Following the evacuation order on Monday, the Housing Outreach Center has coordinated with most residents on their plans, and the additional time, officials hope, will help more them to find permanent places to stay. The Other Side Academy, a nonprofit rehabilitation program for former inmates that runs a moving company, will provide free trucks and packing help for those leaving.
Salt Lake City Mayor Jackie Biskupski said in a statement Wednesday that the residents are “having their lives uprooted because of the actions of their landlord.”
“This was a difficult decision to make, but our fire professionals will always prioritize the safety of all Salt Lake City residents above all else,” she added.
Numbers released earlier this week listed 42 units with 17 vacant; the city has since updated that to say only 11 were unoccupied.
The complex has faced complaints — for garbage piling up, a lack of hot water and drug paraphernalia found around the property — from residents since at least January 2018, according to health department inspection reports. But in each case the landlord addressed the issue — until more recently.
In the past month, investigators found that the fire escapes had not been certified as often as required and that exits were blocked by debris. The heating system didn’t work and the smoke detectors were broken and the wiring wasn’t up to city standards. Lunt also owes an unrelated $13,000 in delinquent fees to the city.
Additionally, last year, there were 647 calls for service to the apartment complex related to drug problems, fights and trespassing. The year before, there were 213, according to Salt Lake City police.

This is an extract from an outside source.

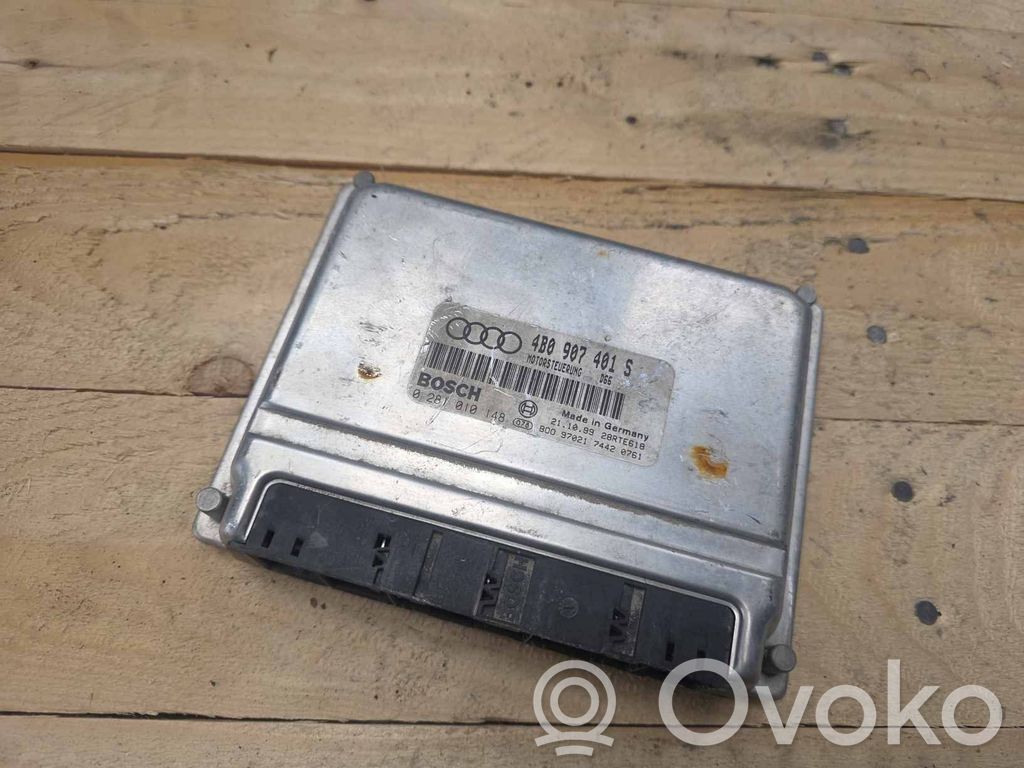 Audi A6 Allroad C5 Engine control unit/module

By 6:30 p.m. Wednesday, the city had prepared the cease and desist order for Lunt but had not been able to deliver it to her.
A private company has been contracted to watch the complex at all hours until the evacuation deadline. Security officers will walk through at least once an hour to check for signs of fire or other dangers and will call dispatch for backup.
“At least that way there’s an immediate means of reporting a fire,” said Salt Lake City Fire Department Capt. Adam Archuleta. “It’s just vigilance.”
Additionally, any residents who are not able to get all of their personal belongings out by Saturday will be allowed back in with an escort. Archuleta said the first concern is keeping everyone safe.
“We’re trying to make any reasonable — and beyond reasonable — accommodations to make sure that happens,” he added. “We understand the circumstances are out to the occupants’ control.”